Defra, the Environment Agency (EA), Esmée Fairbairn Foundation (EFF) and Triodos Bank UK have formed a collaboration to support environmental projects to create sustainable funding models.

Having been sourced and evaluated by Triodos Bank UK the projects will receive grant funding from Defra, the EA and EFF to support their development, complete business plans to attract private sector investment, and deliver long-term environmental benefits and sustainable financial returns.

The four projects receiving funding are:

  • Devon Wildlife Trust’s restoration of the Caen wetlands
  • Rivers Trust’s work on natural flood management in the Wyre catchment in Lancashire
  • NFU’s work to reduce nitrate pollution in Poole Harbour
  • Moors for the Future Partnership’s restoration and conservation of peatlands in the Pennines.

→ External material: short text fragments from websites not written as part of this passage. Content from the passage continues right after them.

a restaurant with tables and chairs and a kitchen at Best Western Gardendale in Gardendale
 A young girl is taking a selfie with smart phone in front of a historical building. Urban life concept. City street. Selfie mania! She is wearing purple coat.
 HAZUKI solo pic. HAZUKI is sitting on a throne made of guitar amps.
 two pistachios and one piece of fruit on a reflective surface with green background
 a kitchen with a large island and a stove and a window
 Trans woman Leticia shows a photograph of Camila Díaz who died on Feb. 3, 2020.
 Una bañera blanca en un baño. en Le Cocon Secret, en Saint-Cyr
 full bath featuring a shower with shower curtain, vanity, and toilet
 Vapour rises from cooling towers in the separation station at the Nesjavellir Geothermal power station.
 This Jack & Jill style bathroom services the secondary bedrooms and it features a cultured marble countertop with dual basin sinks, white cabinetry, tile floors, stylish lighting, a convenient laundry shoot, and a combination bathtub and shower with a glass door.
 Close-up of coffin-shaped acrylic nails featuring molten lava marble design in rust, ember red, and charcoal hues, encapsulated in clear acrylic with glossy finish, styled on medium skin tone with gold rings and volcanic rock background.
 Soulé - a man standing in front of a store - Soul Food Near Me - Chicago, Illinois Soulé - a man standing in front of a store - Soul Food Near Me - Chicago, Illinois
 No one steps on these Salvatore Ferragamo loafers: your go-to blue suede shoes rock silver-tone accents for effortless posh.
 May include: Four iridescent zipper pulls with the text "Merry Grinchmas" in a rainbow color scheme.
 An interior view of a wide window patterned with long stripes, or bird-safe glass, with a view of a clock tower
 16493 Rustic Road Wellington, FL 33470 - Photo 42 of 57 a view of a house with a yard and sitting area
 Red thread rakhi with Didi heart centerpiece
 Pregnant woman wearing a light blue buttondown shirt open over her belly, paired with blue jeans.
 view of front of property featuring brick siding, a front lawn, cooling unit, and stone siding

Dr Bevis Watts, Chief Executive of Triodos Bank UK, said: “We have invested over two years of our resources and expertise into finding viable financial projects in this new area and were delighted to bring these partners together. We believe that connecting economic outcomes to investment in environmental restoration is possible and can deliver benefits, in terms of carbon storage, air quality, flood management and human health, as well as enhancing biodiversity and wildlife habitats.

“Triodos has always been a pioneer in sustainable finance, for example in early renewable energy and organic food & farming. Now linking the economic and societal benefits we take for granted from nature to investment in its restoration is a key challenge we are leading on. The finance sector needs to play its role and use more imagination in how economic outcomes can be linked to investment in nature. We hope we can build on these pilot projects and replicate them to secure further investment in addressing the environmental crises we face.”

Emma Howard Boyd, Chair of the Environment Agency, said: “In England, we are increasingly seeing new extreme weather accelerate from wettest to driest and back again, restoring nature is key to managing this.

“You can’t put a price on nature, but investing in its recovery can generate a steady return and will make the UK economy more clean and resilient. These projects are designed to attract investment into local economies while developing models for businesses to use and scale-up around the world.”